■ **RECORDED INFORMATION**:
%%
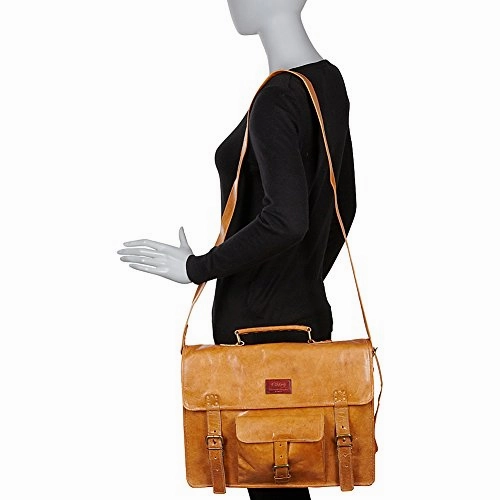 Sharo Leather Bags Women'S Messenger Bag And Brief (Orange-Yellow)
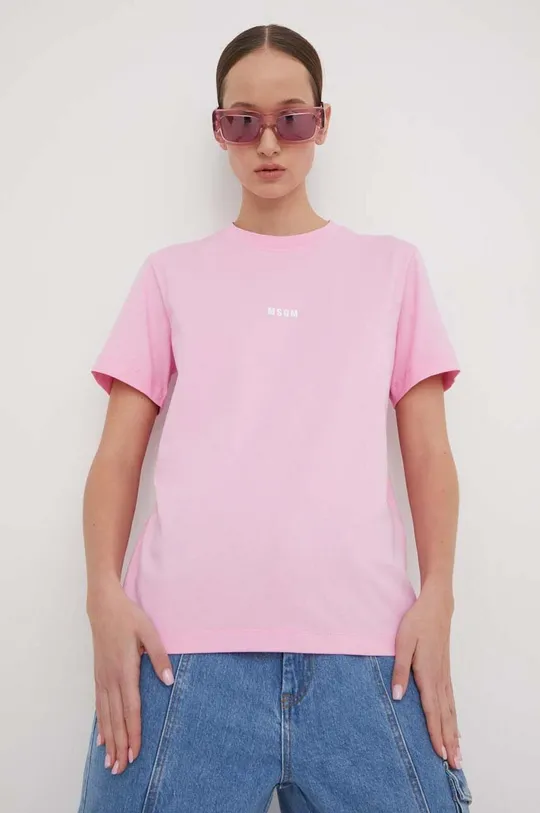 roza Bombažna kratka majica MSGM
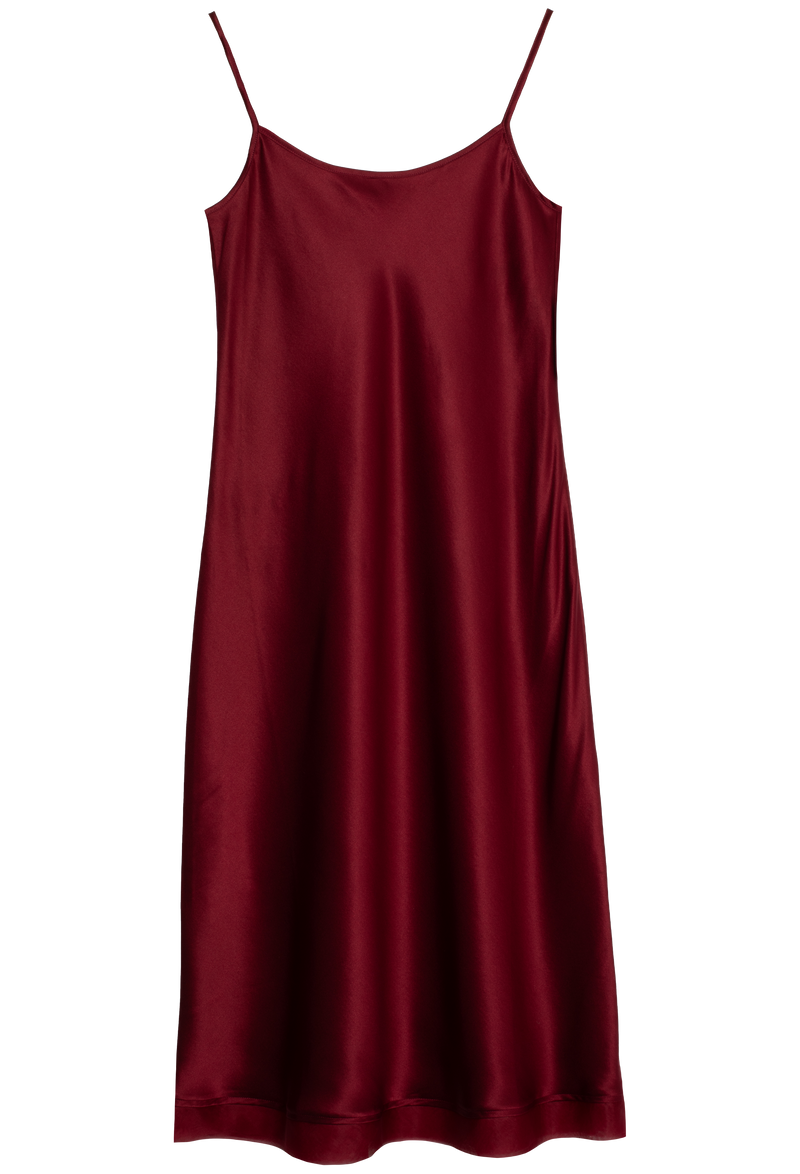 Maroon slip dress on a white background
%%
■ **TASK STATEMENT**: Reproduce the data above without a single change, please, but without its pictures.

■ **RESPONSE AREA**:
 Sharo Leather Bags Women'S Messenger Bag And Brief (Orange-Yellow)
 roza Bombažna kratka majica MSGM
 Maroon slip dress on a white background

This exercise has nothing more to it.